The amount it costs to set up a business also varies depending on where you are. However, if you are organized and thorough, you can plan out your financing and keep your startup budget on track by starting small. You most likely have high expectations for your company. 

However, blind optimism may cause you to invest too much money too quickly. At the very beginning, it's smart to keep an open mind and prepare for issues that may arise. The best approach is to test your idea in a small, inexpensive way that gives you a good indication of whether customers need your product and how much they're willing to pay for it.


Calculating The Amount Of Cash You Will Need To Get Started 

One-Time Vs. Ongoing Costs: One-time expenses will be relevant mostly in the startup process, such as the expenses for incorporating the company. If there's a month when you must make a one-time equipment purchase, your money going out will likely be greater than the money coming in. 

This means your cash flow will be disrupted that month, and you will need to make up for it the following month. Ongoing costs, by contrast, are paid on a regular basis and include expenses such as utilities. These generally do not fluctuate as much from month to month.

Essential Vs. Optional Costs: Essential costs are expenses that are absolutely necessary for the company's growth and development. Optional purchases should be made only if the budget allows. If you have an optional and nonurgent cost, it may be best to wait until you have enough cash reserves for that purchase.

Fixed Vs. Variable Costs: Fixed expenses, such as rent, are consistent from month to month, whereas variable expenses depend on the direct sale of products or services. Fixed costs may eat up a high percentage of revenue in the early days, but as you scale up, their relative burden becomes negligible.

There are various types of expenses to consider when starting your business. It's important to differentiate these types of costs to properly manage your business's cash flow for the short and long term. When planning your costs, don't underestimate the expenses, and remember that they can rise as the business grows.
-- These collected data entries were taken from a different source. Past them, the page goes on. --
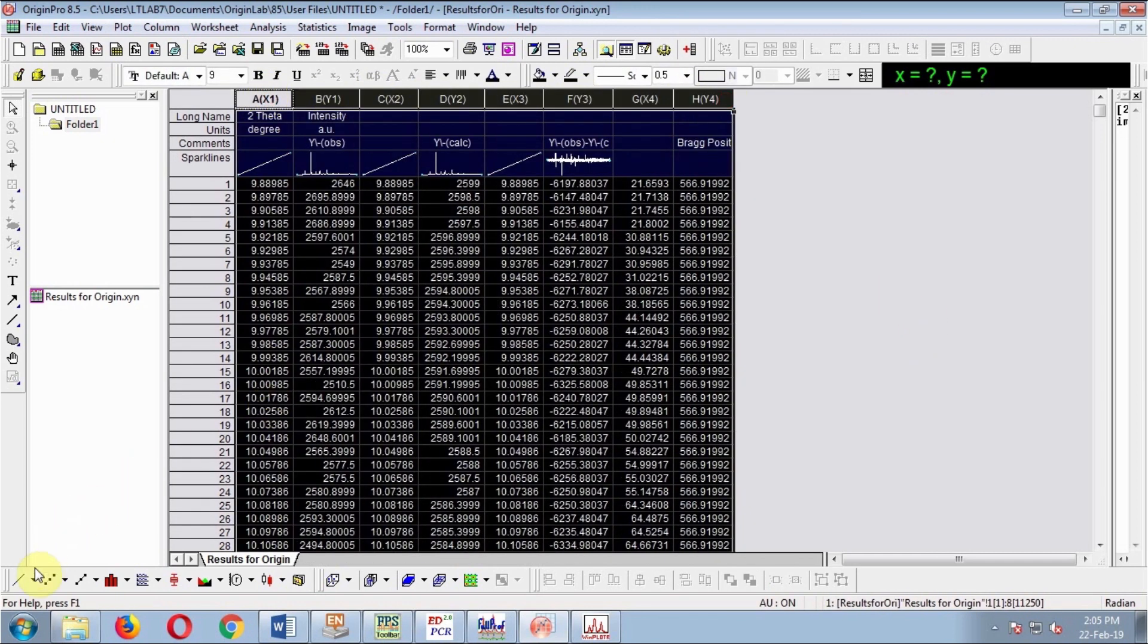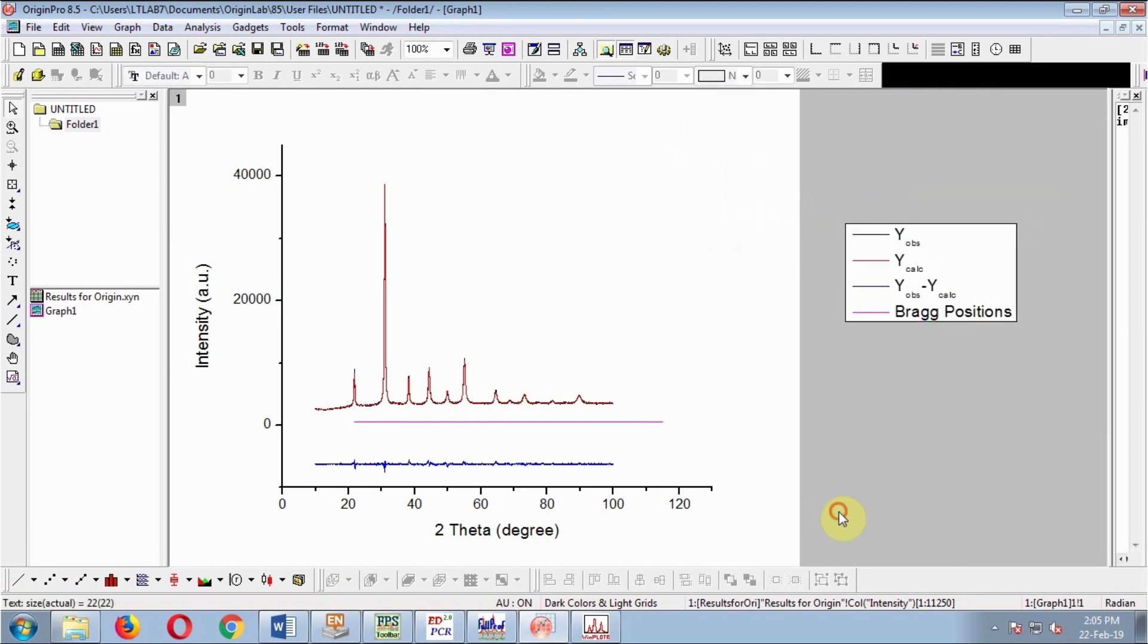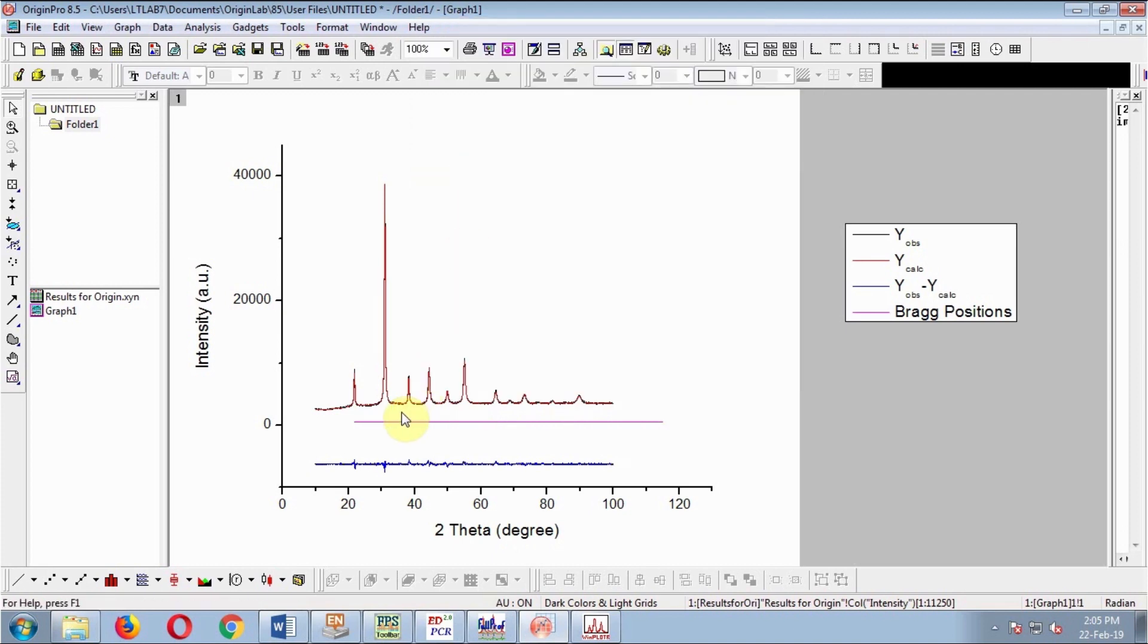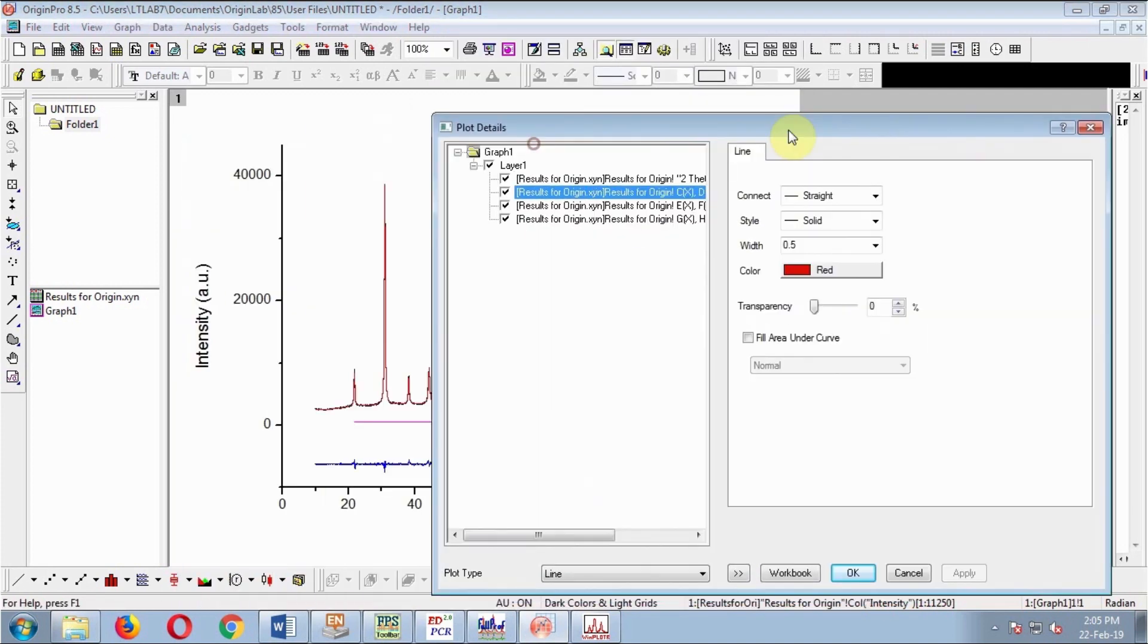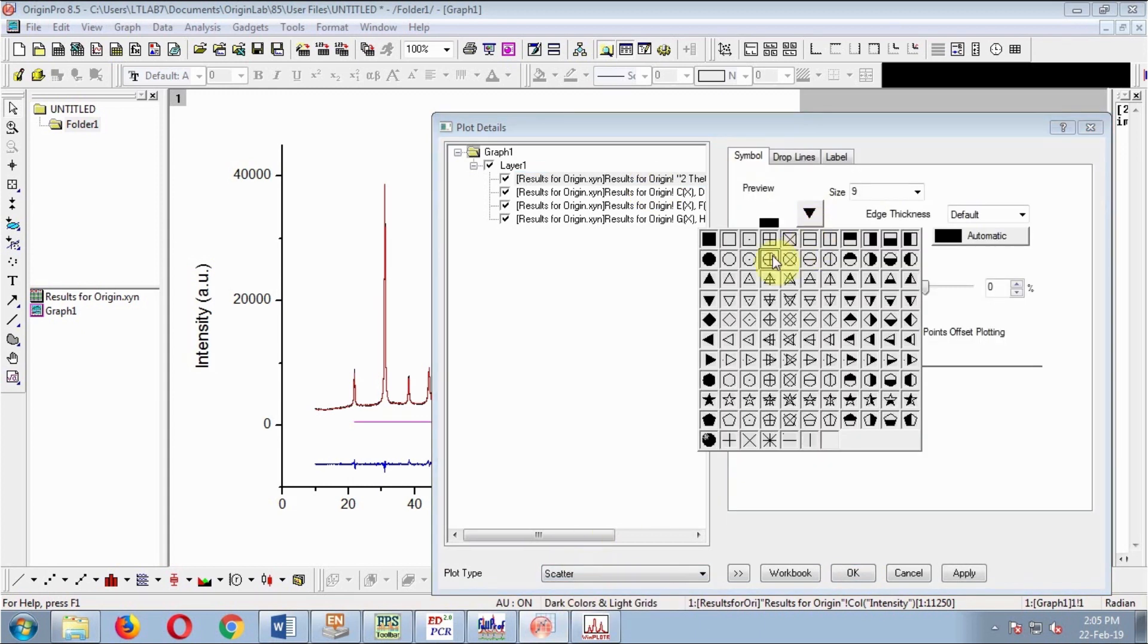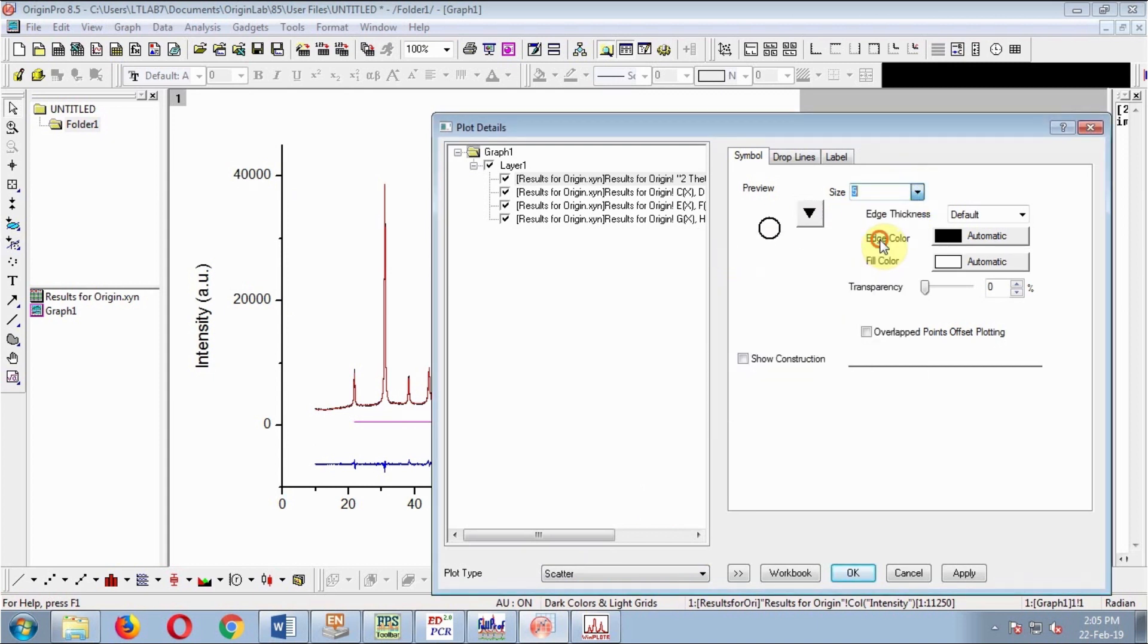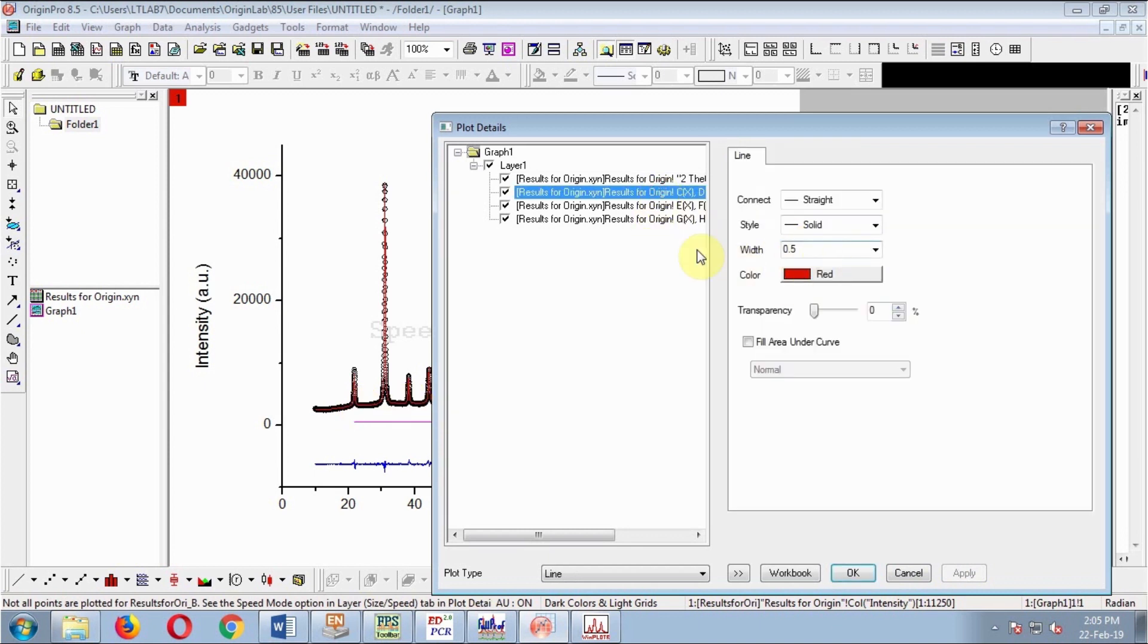Now plot these. Right-click on the graph and ungroup. Double-click on the graph. The first one is observed or experimental data—it's better in scatter format. Change symbol to open circle and decrease the size if you want. The second and third ones are fine.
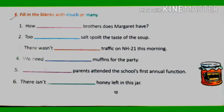Now, exercise F. In this exercise you have to fill in the blanks with 'much' or 'many'. We use the word 'much' with uncountable nouns and 'many' with countable nouns. For example: 'How many brothers does Margaret have?' — here 'brothers' is a countable noun so we use 'many'. In the second sentence, 'salt' is an uncountable noun so we use 'much' with salt.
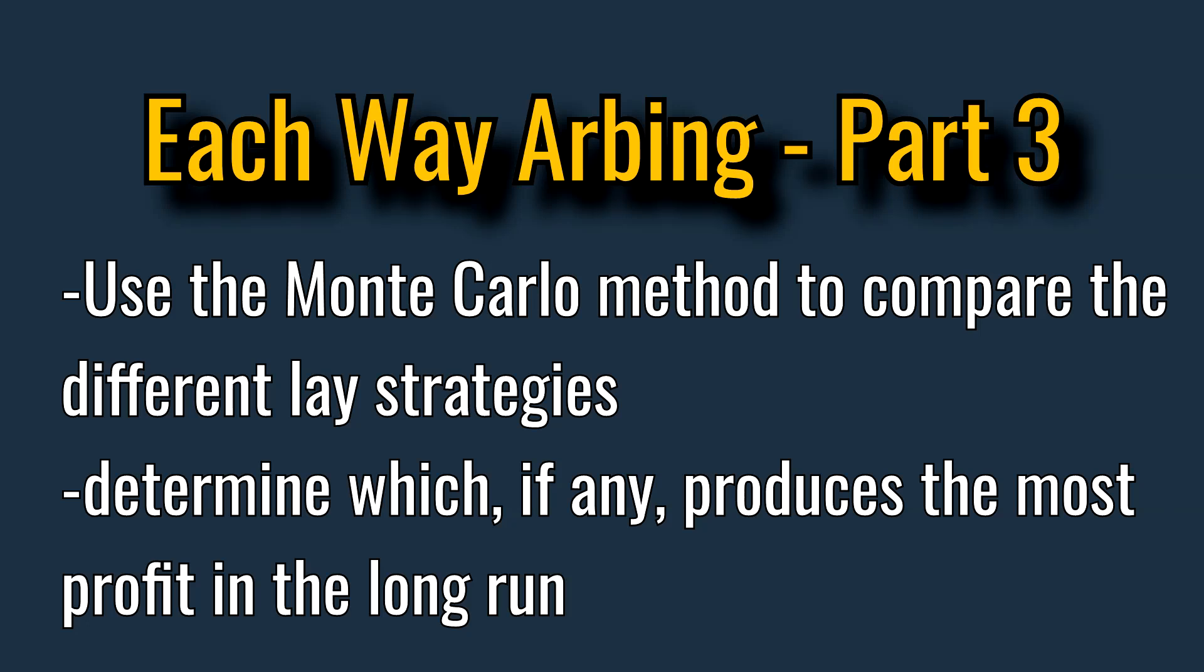In this video we will use the Monte Carlo method to compare the different lay strategies and from our results we will determine which, if any, produces the most profit in the long run. Be warned this video includes mathematics and programming.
Expenses To Consider Before Opening:
  • Office space cost
  • Office equipment (phones, desks, chairs, Internet, computers, servers, etc)
  • Business licenses
  • Employee wages
  • Software (skip tracing, auto dialer, merchant account, letter fulfillment services, debt collection software)
  • Postage
  • Bank accounts
  • Legal council (for establishing contracts, business agreements, etc)
  • Taxes
  • Website and advertising

What Is Your Startup Cost?

Start-up costs are technically defined as the costs you’ll incur before you start making any income. It’s an important distinction to make because it will impact your tax return. These costs are broken down as follows:

Capital Expenditures - A reputable supplier can be a worthy ally to a startup. A vendor who is willing to take the time to help you understand your equipment needs may be just the person who deserves your business and your loyalty. You’ll also incur one-time costs to purchase assets such as inventory, property, vehicles, etc. These don’t typically qualify for a deduction, but can be written off through depreciation.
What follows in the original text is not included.